In contrast, OASIS has standardized many Web service extensions, including Web Services Resource Framework and WSDM.

Styles of use

Web services are a set of tools that can be used in a number of ways. The three most common styles of use are RPC, SOA and REST.

Remote procedure calls

Architectural elements involved in the XML-RPC.

Architectural elements involved in the XML-RPC.

RPC Web services present a distributed function (or method) call interface that is familiar to many developers. Typically, the basic unit of RPC Web services is the WSDL operation.
The first Web services tools were focused on RPC, and as a result this style is widely deployed and supported. However, it is sometimes criticised for not being loosely coupled, because it was often implemented by mapping services directly to language-specific functions or method calls. Many vendors felt this approach to be a dead end, and pushed for RPC to be disallowed in the WS-I Basic Profile.
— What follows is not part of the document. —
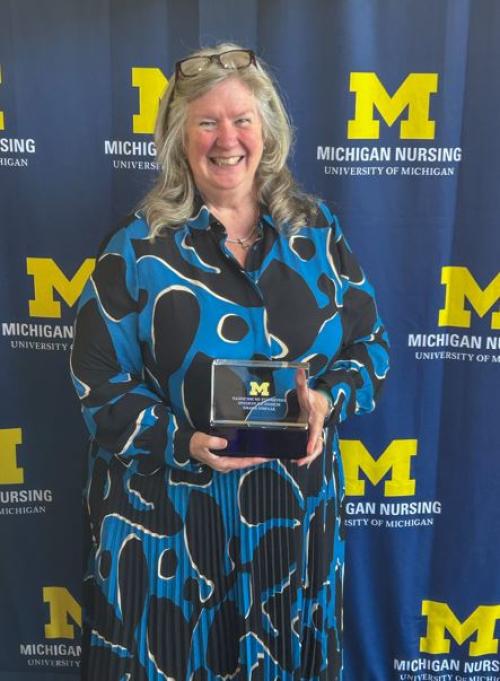  Dr Kane Low in front of a Michigan Nursing Background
Service-oriented architecture

Web services can also be used to implement an architecture according to Service-oriented architecture (SOA) concepts, where the basic unit of communication is a message, rather than an operation. This is often referred to as "message-oriented" services.

SOA Web services are supported by most major software vendors and industry analysts. Unlike RPC Web services, loose coupling is more likely, because the focus is on the "contract" that WSDL provides, rather than the underlying implementation details.

Representational state transfer

Finally, RESTful Web services attempt to emulate HTTP and similar protocols by constraining the interface to a set of well-known, standard operations (e.g., GET, PUT, DELETE). Here, the focus is on interacting with stateful resources, rather than messages or operations. RESTful Web services can use WSDL to describe SOAP messaging over HTTP, which defines the operations, or can be implemented as an abstraction purely on top of SOAP (e.g., WS-Transfer).

WSDL version 2.0 offers support for binding to all the HTTP request methods (not only GET and POST as in version 1.1) so it enables a better implementation of RESTful Web services. However support for this specification is still poor in software development kits, which often offer tools only for WSDL 1.1.

Criticisms

Critics of non-RESTful Web services often complain that they are too complex[2] and biased towards large software vendors or integrators, rather than open source implementations.
One big concern of the REST Web Service developers is that the SOAP WS toolkits make it easy to define new interfaces for remote interaction, often relying on introspection to extract the WSDL and service API from Java, C# or VB code. This is viewed as a feature by the SOAP stack authors (and many users) but it is feared that it can increase the brittleness of the systems, since a minor change on the server (even an upgrade of the SOAP stack) can result in different WSDL and a different service interface. The client-side classes that can be generated from WSDL and XSD descriptions of the service are often similarly tied to a particular version of the SOAP endpoint and can break if the endpoint changes or the client-side SOAP stack is upgraded. Well designed SOAP endpoints (with handwritten XSD and WSDL) do not suffer from this but there is still the problem that a custom interface for every service requires a custom client for every service.

There are also concerns about performance due to Web services' use of XML as a message format and SOAP and HTTP in enveloping and transport.

Similar efforts

There are several other approaches to solving the set of problems that Web services address, both preceding and contemporary to it. RMI was one of many middleware systems that have seen wide deployment. More ambitious efforts like CORBA and DCOM attempted to effect distributed objects, which Web services implementations sometimes try to mimic.
More basic efforts include XML-RPC, a precursor to SOAP that was only capable of RPC, and various forms of HTTP usage without SOAP.